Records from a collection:

== == ==

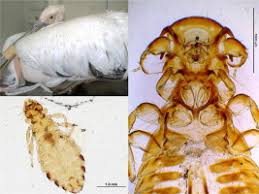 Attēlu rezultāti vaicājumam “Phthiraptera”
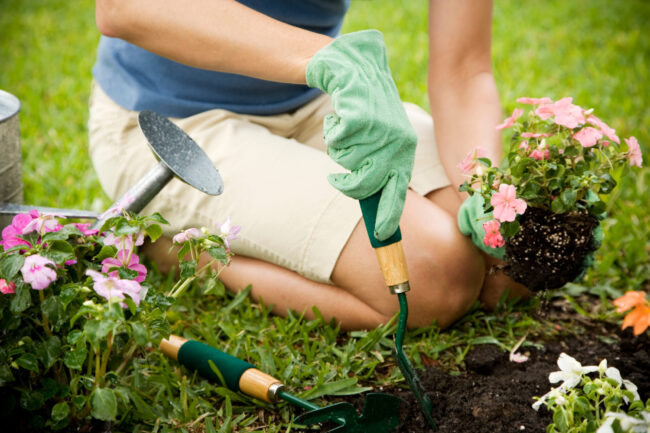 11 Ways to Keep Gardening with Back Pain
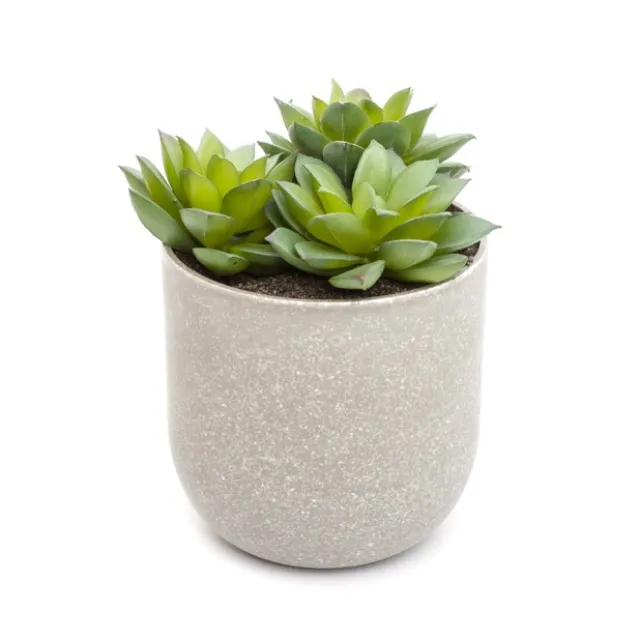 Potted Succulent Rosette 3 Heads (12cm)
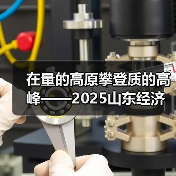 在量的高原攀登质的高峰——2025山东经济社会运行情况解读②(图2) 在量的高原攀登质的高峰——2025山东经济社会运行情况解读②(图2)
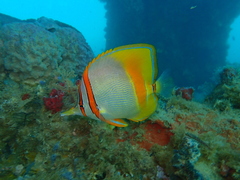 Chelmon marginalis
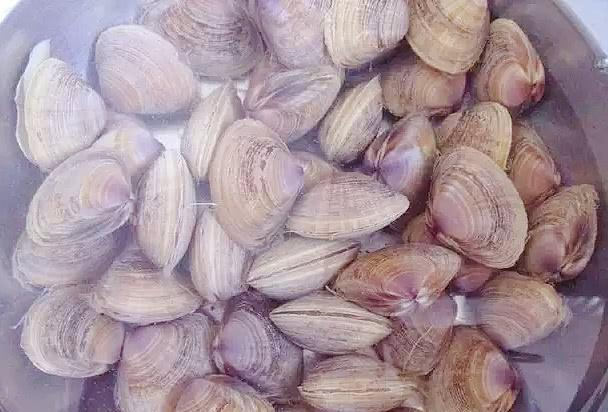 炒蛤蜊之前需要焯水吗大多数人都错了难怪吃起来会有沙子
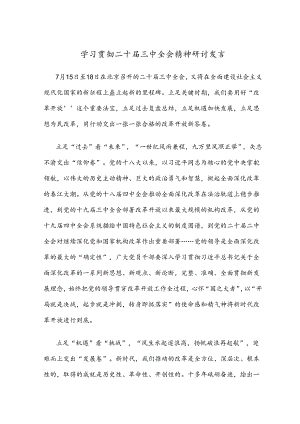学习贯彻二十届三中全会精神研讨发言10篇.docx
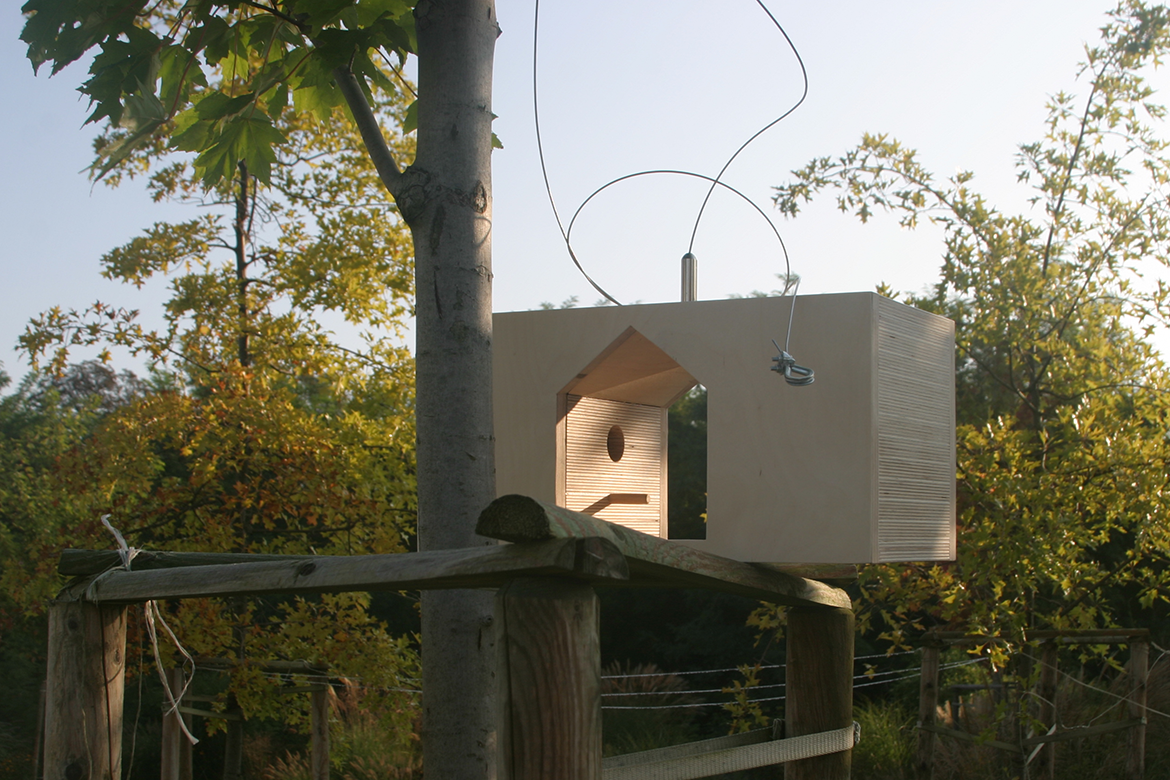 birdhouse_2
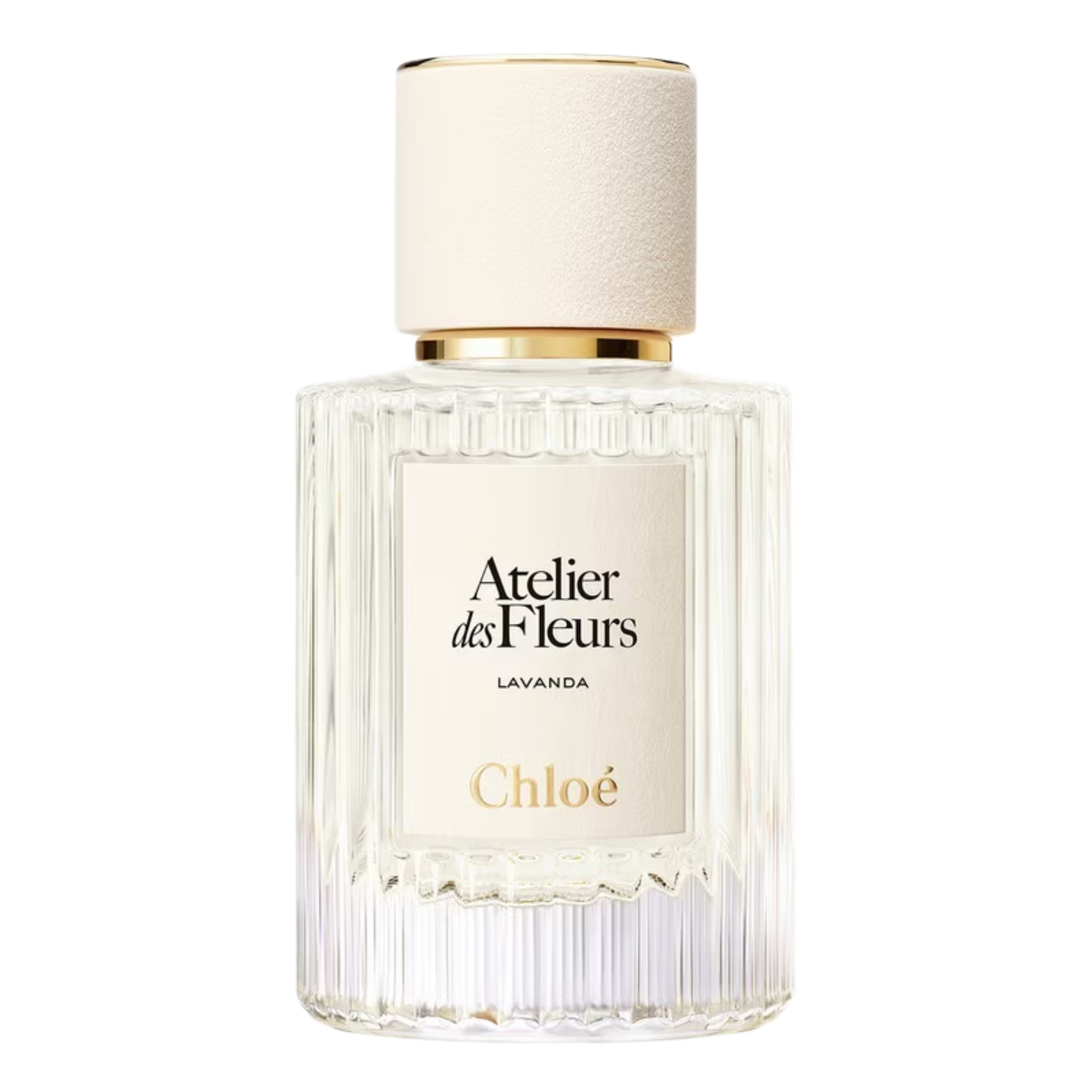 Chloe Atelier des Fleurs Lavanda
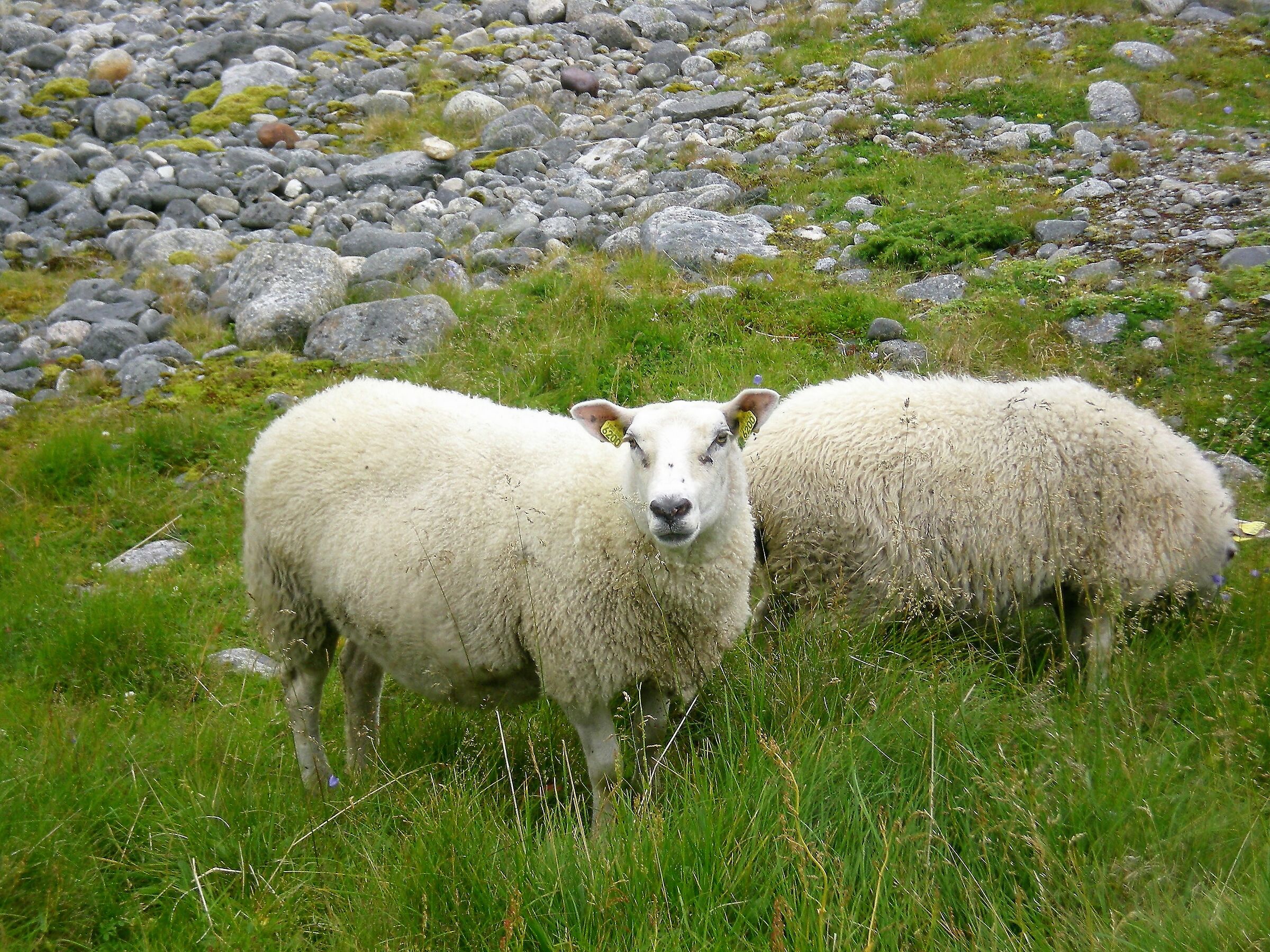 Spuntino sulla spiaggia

== == ==

Your objective: Repeat only the lines from the line with "11 Ways to Keep Gardening with Back Pain" to the end of the entries, including both the first and the last line, and drop every picture.

Response:
 11 Ways to Keep Gardening with Back Pain
 Potted Succulent Rosette 3 Heads (12cm)
 在量的高原攀登质的高峰——2025山东经济社会运行情况解读②(图2) 在量的高原攀登质的高峰——2025山东经济社会运行情况解读②(图2)
 Chelmon marginalis
 炒蛤蜊之前需要焯水吗大多数人都错了难怪吃起来会有沙子
学习贯彻二十届三中全会精神研讨发言10篇.docx
 birdhouse_2
 Chloe Atelier des Fleurs Lavanda
 Spuntino sulla spiaggia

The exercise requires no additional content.